Güncelleme Tarihi:
Solo performansları ile darbuka konusunda profesyonelleşen İsmet Çakmak, giydiği kendi tasarımı olan kıyafetleri ile de müzikseverlere renkli görüntüler sunuyor. Çakmak, “Henüz 10 yaşındayken heyecanla İbo Show’daki müzisyenleri izlemek için akşam olmasını beklerdim. Müziğe başlayınca orada çalanlarla tanıştım. Canlı müzik yapmaya başladım. Sonra düğünlerde çalmaya başladım. 12-13 yaşında bu işten para kazanıyordum. İlk başta kendi kendime çalışarak çalmayı öğrendim” dedi.

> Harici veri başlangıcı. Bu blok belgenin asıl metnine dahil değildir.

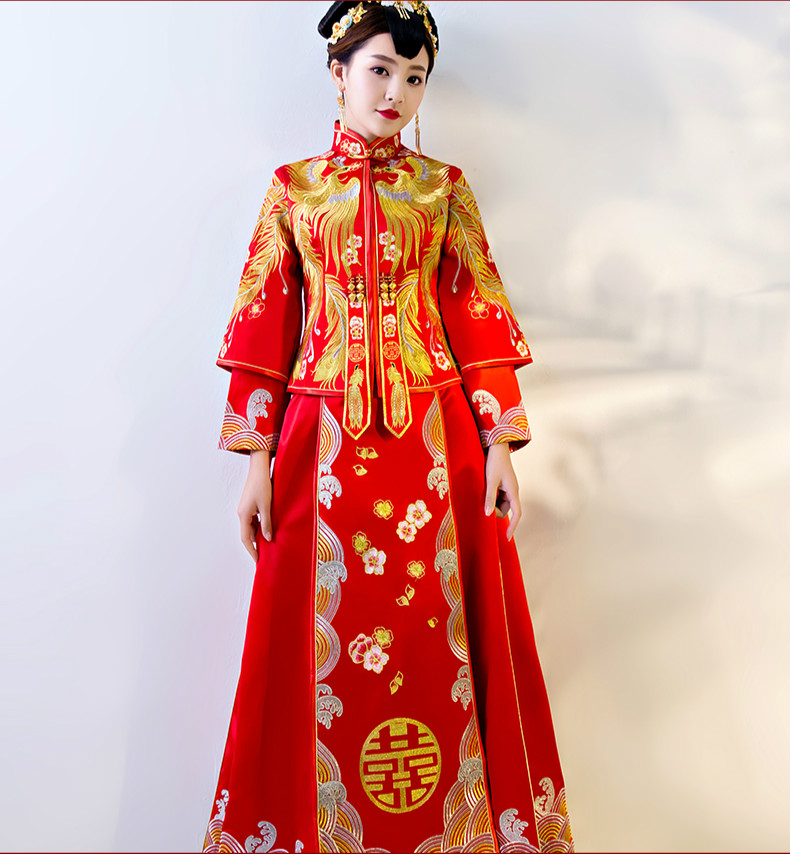 傳統(tǒng)中式禮服，紅色結婚新娘禮服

İlk darbukayı nasıl aldığını anlatan Çakmak, “Berber çırağı iken para biriktirip ilk darbukamı Basmane’den aldım. İlk dersleri mahalledeki bir komşumuzdan aldım. Daha sonra TRT Gençlik Korosu’nu kazandım. Yıllarca canlı müzik yaptım. Bu arada eğitim hayatıma devam ettim. Lisede aşçılık okudum. Yemek yemeyi çok seviyorum. Okul hayatım boyunca tüm gösterilerde ben darbuka çalıyordum. Okulda çalarken Emel Sayın ve Selami Şahin gibi büyük ustaların arkasında çaldım. Onlarla çaldığımı televizyonda gördükleri için okul hayatım çok renkli geçti diyebilirim. Okul bitince kısa süre Kıbrıs’ta mutfak bölümünde çalıştım. Ege Üniversitesi Konservatuvarı’nda Türk Müziği eğitimi aldım. Bir gün İzmir’de bir eğlence mekanının elektrikleri kesilince benim telefonum çaldı. Kesinti nedeniyle biz o gece darbuka şov yaptık. O günden bugüne darbuka şova devam ediyorum.”
KENDİ TASARIMLARI
Sahne kıyafetleri ile ilgili bilgi veren Çakmak şöyle devam etti: “Mesleğime yatırım yapıyorum. Sürekli nasıl kendimi geliştirebilirim diye kafa yoruyorum. İzmir dışında başka illerden de mekanlarda ve özel gecelerde çalıyorum. Darbuka çalarken giydiğim kıyafetlere de ayrıca özen gösteriyorum. Gittiğimiz yerler hep elit ve özel yerler olduğu için o gecelere özel ceketler diktirdim. Renkli ceketlerle darbuka çalıyorum. Çok dikkat çekiyor. Cep telefonundan kumanda edilen ışıklı bir ceketim de var. Bu şovların üzerine sürekli eklemeye özen gösteriyorum. Bir ceketim ise 2500’den fazla aynadan oluşuyor. Ayrıca yine ses getirecek özel bir şov için çalışmalarımı sürdürüyorum. Değişik ülkelerde darbuka çalacağım. Dünyadaki sembol mekanların önünde darbukamla sanatımı icra edeceğim.”